Delasalle, Jenny wrote:
>
> I do have three potential solutions to my metadata creation problem:
>
> 1) Employ more cataloguing staff
> 2) Minimise the processing and cataloguing by requiring academics to do
> it
> 3) Employ a technical wizard to automate stuff.
>
> All of these could work in conjunction with a fourth option, which is to
> compromise the thoroughness of the metadata record, which could be a
> temporary approach to be addressed by any of the other methods at a
> later date. Or indeed it might turn out to be a permanent solution. The
> point of detailed metadata records is what functionality they support,
> either in terms of search/reporting within our own repository, or
> interoperability with others. This is hard to judge because we're trying
> to look into the future at what technology might enable us to do with
> our metadata.
Interesting thread. I can't give any wise words, I can let you know what
we do.
To answer your original question. We haven't really timed it but I would
guess between 5-10 minutes per item.
Less if no full text. much more if something like a book chapter where
the copyright will require emailing academics/publishers.
We check copyright (mainly relying on Sherpa Romeo), and will make small
improvements to the metadata, adding DOI/ISBN, fixing little problems
(why do people type with caps lock on).
When we set ours up, it was somewhat implicit that it should require
practically no resources after a year of operation, so of course
decisions were made based on this.
Though, like I think many Universities, the RAE and REF pilot have
helped convince people they need a good database of publication output,
with good metadata. I'm hoping the repository can be the solution for
this, and appropriate support provided. (at which point our metadata
standards will probably move a little from the 'self-deposit sloppy' end)
I've quoted Jenny's email at the top, as I think it sums up my thoughts
far better that I could have said myself (especially regarding the
reasons for metadata: management info, and system interoperability). We
use LOC subject headings, because it seemed like one way that a third
party system could harvest records for a particular subject from many
Universities. But the confusion and effort it causes, and the lack of
any tools/websites making use of it, means I'm on the verge of removing
them.
So, taking the ideas you mention above, and from what others have said:
- getting academics to put at least some information in has to be a good
thing. a techy can help make it simple and perform basic checks
- I confess to not knowing what exactly SWAP requires, so can't picture
how much information you are entering.
- What metadata is good for internal management information/REF? What
information is very likely to be useful for system interoperability
(both other IRs and other campus systems)? Perhaps anything which falls
in to neither can be abandoned? The second is harder to answer. We all
run the risk of trying to predict the future, and I wonder sometimes if
we should keep it simple until we know what's useful, by which time
automated tools will probably have been developed to do it for us!

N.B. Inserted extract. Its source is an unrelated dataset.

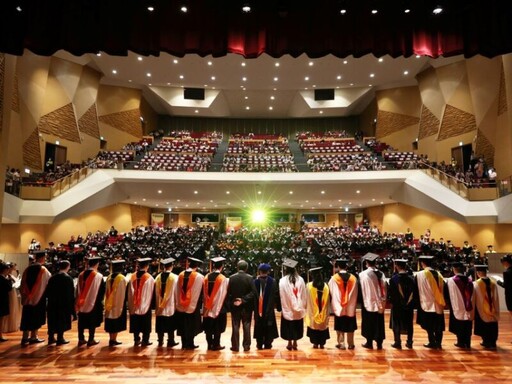中央大學113學年度畢業典禮隆重舉行 勉學子放眼國際、勇於探索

- At a more general level, I found the "make live quick, add extra
metalib later" approach an interesting idea. I can imagine a specific
'metadata editor' functionality which makes this efficient: a screen
which shows all fields for a record on one view, and once done, takes
them straight to the next record which needs editing.
- food for thought: librarything have a large database with records with
minimal need for editors. Can we learn from them?
I was going to make this a quick email, apologies for the length.